Chivalry and Feudalism.
CHIVALRY and its military duties originated in the institution of aristocracy, and exhibited during the middle ages, those social and political relations of the nobility, which, in a greater or smaller extent, distinguished the privileged classes of all Germanic nations.
It is undoubted that these privileged classes existed among the Germans before the invasion of the Roman empire. They are mentioned by Tacitus in various places, under the designation of "nobiles," or "principes," in contradistinction to the plebeian orders. Later records, legal and historical, of German tribes settled in the provinces of the western empire, treat likewise of aristocracy as a class distinct from that of mere freemen. In the ancient laws, the weregild, or fine paid by the murderer to the relations of the slain, was rated higher, if the victim was of noble origin. In historical works, there are also allusions to noble families that belonged to various German tribes. Among the Goths are noticed the Amali and the Balti; among the Franks, the Merovingians; among the Lombards, the Gungici; among the Bavarians, the Agilolfingi, &c. In the Edda, (the mythological traditions of the Scandinavians) a line of demarcation is drawn between the noble and the ignoble. We thus obtain from various independent testimonies, the convincing proof, that the institution of nobility was inherent in the national economy of the early Germans.

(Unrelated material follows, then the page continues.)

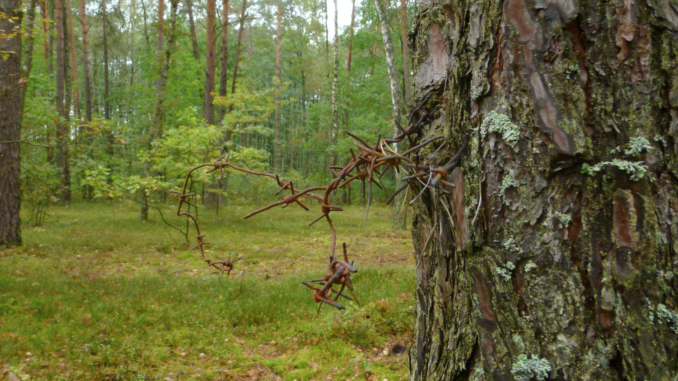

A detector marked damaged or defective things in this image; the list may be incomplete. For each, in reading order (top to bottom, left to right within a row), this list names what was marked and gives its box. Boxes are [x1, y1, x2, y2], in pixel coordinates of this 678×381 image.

rusty barbed wire [173, 93, 464, 308]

Nobility in all instances, is invested with characteristic prerogative. What was the nature of those prerogatives among the Germans cannot be clearly determined; but we learn from a statement of Tacitus, that the chieftains of their tribes were elected from the higher ranks. Thus, the Cherusci petitioned the emperor Claudius to restore to them, as their leader, the last survivor of their nobles. This application suggests, that the high-born were considered as the kindred and peers of royalty, and exercised greater authority than the mere freemen.

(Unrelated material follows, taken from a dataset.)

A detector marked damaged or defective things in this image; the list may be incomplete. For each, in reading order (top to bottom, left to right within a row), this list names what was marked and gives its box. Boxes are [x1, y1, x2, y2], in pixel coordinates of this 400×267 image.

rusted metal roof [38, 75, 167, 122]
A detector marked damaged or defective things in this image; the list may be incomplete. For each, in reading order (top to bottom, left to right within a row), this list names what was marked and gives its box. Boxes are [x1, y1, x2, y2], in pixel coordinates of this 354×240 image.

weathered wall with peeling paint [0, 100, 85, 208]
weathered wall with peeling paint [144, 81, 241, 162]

Sacerdotal Functions of the Nobility.
The nobles combined with their duties, the functions of priests, to which, in some instances, judicial power was also attached, as we are led to infer from Scandinavian testimonies of the tenth century. In Iceland, the heathen sacerdotal dignitaries, termed Godar, held both religious and judicial offices, and transmitted their dignity to their male heirs. The Godar presided at the judicial court and at ritual ceremonies, appointed their coadjutors in the administration of justice, officiated at communal solemnities, (such as the manumission of slaves), and watched over the preservation of public security and peace. This combination of duties is nearly analogous to the several functions which Tacitus ascribes to the German priests.

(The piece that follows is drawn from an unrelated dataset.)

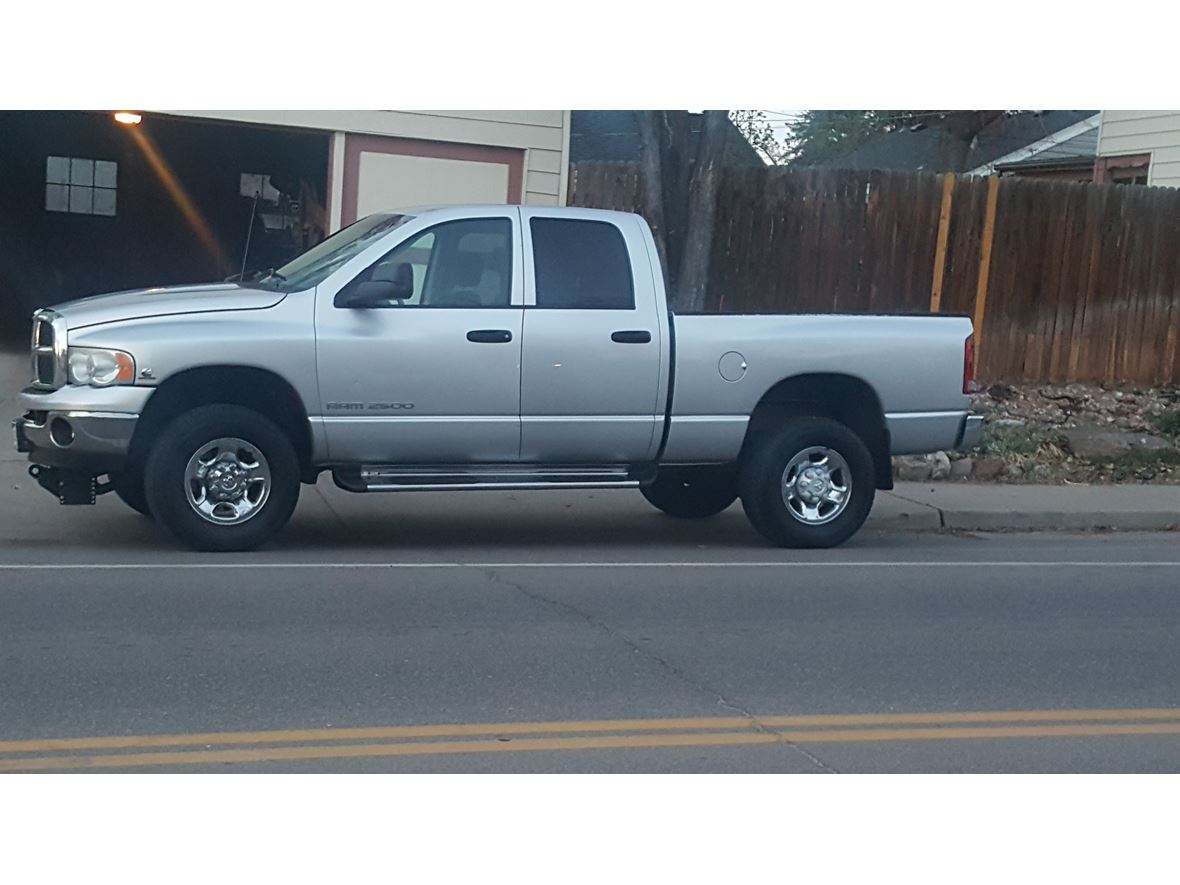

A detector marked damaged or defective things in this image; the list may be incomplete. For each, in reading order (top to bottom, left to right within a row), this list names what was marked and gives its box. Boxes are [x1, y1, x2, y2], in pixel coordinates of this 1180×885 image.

Their Political Influence.
Graf, or Count.
The nobles were also charged with important political affairs, as is attested by Roman writers who lived during the decline of the empire. On embracing Christianity, the priestly immunities of the nobility were, of course, either lost, or appropriated by the Roman clergy; but the nobles still retained the direction of the judicial administration, as is to be observed in the first establishment of the large German domains, among the Franks, Saxons, Alemanni, &c. Judges were, in the days of Tacitus, elected by the assembly of the people; after the great migration, however, when the Germans began to form their extensive realms, the appointment of judges seems to have devolved upon the kings. In this way, the latter nominated their Grafen, (reeves, counts). The Romans translated the word Graf by Comes, which, at the final period of their empire, corresponded in meaning with prses provincia, (the governor of a province). The word comes, which was modified in the several Romanesque languages, (comte, conte, conde =count), signified, at a later time, a certain grade of feudal nobility.
Duties of the Counts.
The dignity of count appears to have been conferred exclusively on nobles, and was not merely connected with the chief direction of the courts of law, but likewise with the civil administration. The Gothic counts superintended the revenue derived from the Romans, the convocation of the people to the annual muster, the maintenance of public tranquillity, &c.
Allotment of Lands.
It is not a settled question, whether the nobles, at the division of lands wrested from the Roman, received larger allotments than the freemen; but it is consonant with the nature of regal authority, that a preference should be shown in favour of the former. The king surrounded himself with a number of officials, (ministeriales) whose services in the camp and at the court, were rewarded by the grant of so-called fiscal, or crown-lands. Noble courtiers, according to Tacitus, did not disdain to perform such menial services for royalty, as would, among the Romans, have been assigned to slaves. At the court of the Frankish kings, the nobles bore the title of Antrustiones; and they, like their sovereigns, gathered around them followers, who were composed of freemen and dependants. Neither were these courtly offices intrusted to nobles only. The Salic law speaks of freemen and even Romans, promoted to such high places. After the middle of the sixth century, these followers attained a preponderating influence at the courts of their princes, and subsequently effected a complete revolution in the allegiance of the nobles to the crown, and in the position of the alodialists, or freeholders. Like the Franks, the Goths had their suite of nobles. The Visigothic King Ricimer appeared on solemn occasions, with noble courtiers (reguli), who then already displayed in their equipment and arms that pageant, which remained the fashion throughout the middle ages.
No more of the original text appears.